● マクロ改善とETF純流入が重なり、BTCは現物支えで反発。
● Fund Flow Ratio低水準で現物売りは限定的、下落は主に清算主導。
● 構造転換は未確認、持続的フローがなければリリーフラリーの可能性。
ビットコインは現在68,000ドル台を回復。60,000ドル再テスト懸念から一転し、70,000ドル目前まで反発した。ただし、この上昇を“本格的トレンド転換”と見るのは時期尚早だ。
今回の上昇は、現物需給の変化に加え、マクロ環境の改善が重なったことが背景にある。トランプ大統領は一般教書演説で「歴史的な経済回復」を強調し、住宅ローン金利の低下やコアインフレの鈍化をアピール。関税や最高裁を巡る不透明感の後退も意識され、株式市場とともに暗号資産にもリスク選好が戻った。
加えて、米国現物BTC ETFは2月24日に約2.6億ドルの純流入。5週連続・累計38億ドル超の流出に終止符が打たれた。マクロとフローが同時に改善したことは無視できない。

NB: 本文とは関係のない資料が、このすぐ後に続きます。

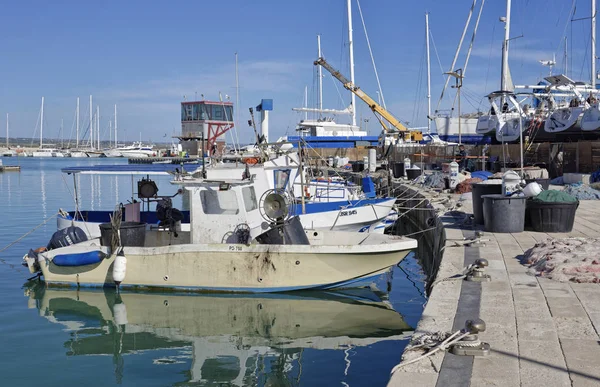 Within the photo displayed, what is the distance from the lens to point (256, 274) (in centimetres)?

オンチェーン構造を見ると、Binanceから2,205BTCが純流出。直近30日平均の約3倍であり、短期的に流通供給は減少している。ただし重要なのは、Fund Flow Ratioが依然0.012と低水準にとどまっている点だ。これはBinanceへのBTC流入が限定的であり、積極的な現物売りが発生していないことを示す。

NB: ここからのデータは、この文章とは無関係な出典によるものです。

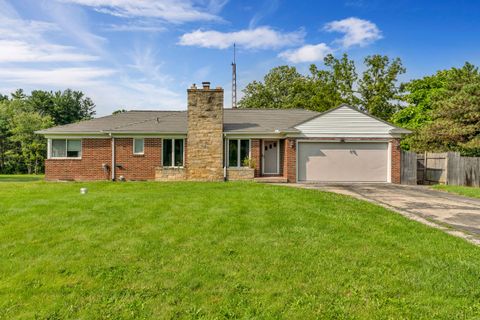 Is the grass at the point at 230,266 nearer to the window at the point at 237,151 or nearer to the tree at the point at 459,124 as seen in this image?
the window at the point at 237,151

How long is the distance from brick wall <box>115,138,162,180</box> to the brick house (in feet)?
0.17

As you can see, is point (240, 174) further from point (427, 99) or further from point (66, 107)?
point (66, 107)

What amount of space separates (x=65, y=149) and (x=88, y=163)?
1612 millimetres

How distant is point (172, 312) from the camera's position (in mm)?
3271

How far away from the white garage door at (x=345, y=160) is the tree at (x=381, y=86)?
786 inches

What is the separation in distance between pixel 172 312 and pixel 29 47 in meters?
15.7

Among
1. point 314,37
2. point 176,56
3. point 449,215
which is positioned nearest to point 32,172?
point 176,56

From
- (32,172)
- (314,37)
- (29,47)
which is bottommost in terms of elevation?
(32,172)

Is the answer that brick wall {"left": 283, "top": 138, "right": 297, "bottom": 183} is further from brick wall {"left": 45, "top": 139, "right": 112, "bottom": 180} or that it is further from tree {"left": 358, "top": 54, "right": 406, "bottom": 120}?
tree {"left": 358, "top": 54, "right": 406, "bottom": 120}

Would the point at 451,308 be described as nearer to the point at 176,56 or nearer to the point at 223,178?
the point at 223,178

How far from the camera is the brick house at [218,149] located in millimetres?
15734

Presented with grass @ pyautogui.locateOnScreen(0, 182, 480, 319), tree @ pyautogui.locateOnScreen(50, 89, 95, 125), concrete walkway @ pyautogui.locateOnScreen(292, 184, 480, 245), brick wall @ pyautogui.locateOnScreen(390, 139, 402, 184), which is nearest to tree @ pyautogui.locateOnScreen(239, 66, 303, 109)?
brick wall @ pyautogui.locateOnScreen(390, 139, 402, 184)

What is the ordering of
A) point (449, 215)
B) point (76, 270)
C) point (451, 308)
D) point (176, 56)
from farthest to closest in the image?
point (176, 56)
point (449, 215)
point (76, 270)
point (451, 308)

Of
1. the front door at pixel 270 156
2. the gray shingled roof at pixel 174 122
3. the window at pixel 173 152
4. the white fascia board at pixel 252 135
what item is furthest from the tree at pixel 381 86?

今回の価格下落局面でも、この比率は急騰していない。通常、大きなパニック売りでは取引所流入が急増する。しかし今回は、価格が66,000ドル台まで下落しても顕著なスパイクは見られなかった。つまり下落の主因は、現物の大量売却というより、デリバティブ市場での清算やレバレッジ整理による影響が大きい可能性が高い。
デリバ市場でも、Fundingはマイナス圏が優勢。過度なロングの積み上がりは見られない。レバレッジは過去16か月の高水準から徐々に低下しており、健全化は進んでいる。
しかし、構造的な強気転換が確認されたわけではない。短期保有者(STH)のP&Lは依然としてネットマイナス圏にあり、含み損状態での供給が市場に残っている。これは戻り局面で売り圧になりやすい。
CryptoQuant認定アナリストのPelinayPA氏 @PelinayPA は、現在の上昇はリリーフラリーの可能性があると指摘する。レバレッジ比率が低水準にとどまる局面では、価格が上方向に動くとショートスクイーズが発生しやすい。構造的需要の拡大というより、ポジション解消による踏み上げ上昇である可能性があるという見方だ。
リリーフラリーとは、強い下落後に安心感やショートカバーによって発生する一時的反発を指す。需給構造そのものが改善しなければ、再び売り圧に直面することもある。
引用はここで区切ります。